Replaying builds state on demand, one entity at a time. A projection is the complement: a read model that EventSourcingKit keeps up to date continuously, in the background, as events are stored. Projections are how you build queryable views – a catalog of all books, say – without replaying them on every request.

How Projecting Works

EventSourcingKit runs a background observer that watches the event store. Whenever a new event is stored, the observer feeds it to your projections, which update their read models through reducers. The observer remembers its position with a checkpoint, so it resumes exactly where it left off after a restart – all of this is set up for you.

Defining the Projection

A projection derives from Projection<TId> and holds the shape you want to query:

using EventSourcingKit.Projecting;

public record Book : Projection<Guid>
{
    public string Title { get; init; } = "";
    public string Author { get; init; } = "";
    public bool IsCheckedOut { get; init; }
}

Its reducers look just like the ones for state, but live in the EventSourcingKit.Projecting namespace.

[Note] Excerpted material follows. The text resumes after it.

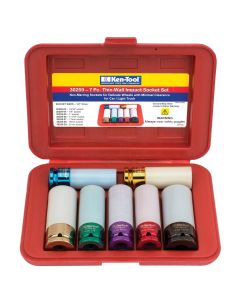 KEN30259 image(1) - Ken-tool 7 Piece Thin-Wall Impact Socket Set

An update reducer additionally tells the projection which entity an event belongs to, through GetId:

using EventSourcingKit;
using EventSourcingKit.Projecting;

public class BookRegisteredReducer
    : ICreateReducer<Book, Guid, BookRegistered>
{
    public Book Create(Event<BookRegistered> @event) =>
        new()
        {
            Id = @event.Data.BookId,
            Title = @event.Data.Title,
            Author = @event.Data.Author
        };
}

public class BookCheckedOutReducer
    : IUpdateReducer<Book, Guid, BookCheckedOut>
{
    public Guid GetId(Event<BookCheckedOut> @event) => @event.Data.BookId;

    public Book Apply(Book projection, Event<BookCheckedOut> @event) =>
        projection with { IsCheckedOut = true };
}

Registering the Projection

A projection needs a data store that persists its read model. To get started, use the built-in InMemoryProjectionRepository, registered alongside EventSourcingKit:

using EventSourcingKit;
using EventSourcingKit.Defaults;
using EventSourcingKit.Projecting;

builder.Services.AddEventSourcingKit(
        builder.Configuration,
        [typeof(BookRegistered).Assembly]
    )
    .AddProjection<
        Book,
        Guid,
        InMemoryProjectionRepository<Book, Guid>,
        IProjectionRepository<Book, Guid>
    >();

You can now inject IProjectionRepository<Book, Guid> anywhere in your application to query the projection through GetById, GetAll, and more.

Moving beyond in-memory

The in-memory store is perfect for getting started, but its data is lost on restart. For durable read models backed by PostgreSQL or MongoDB, see Persisting Projections.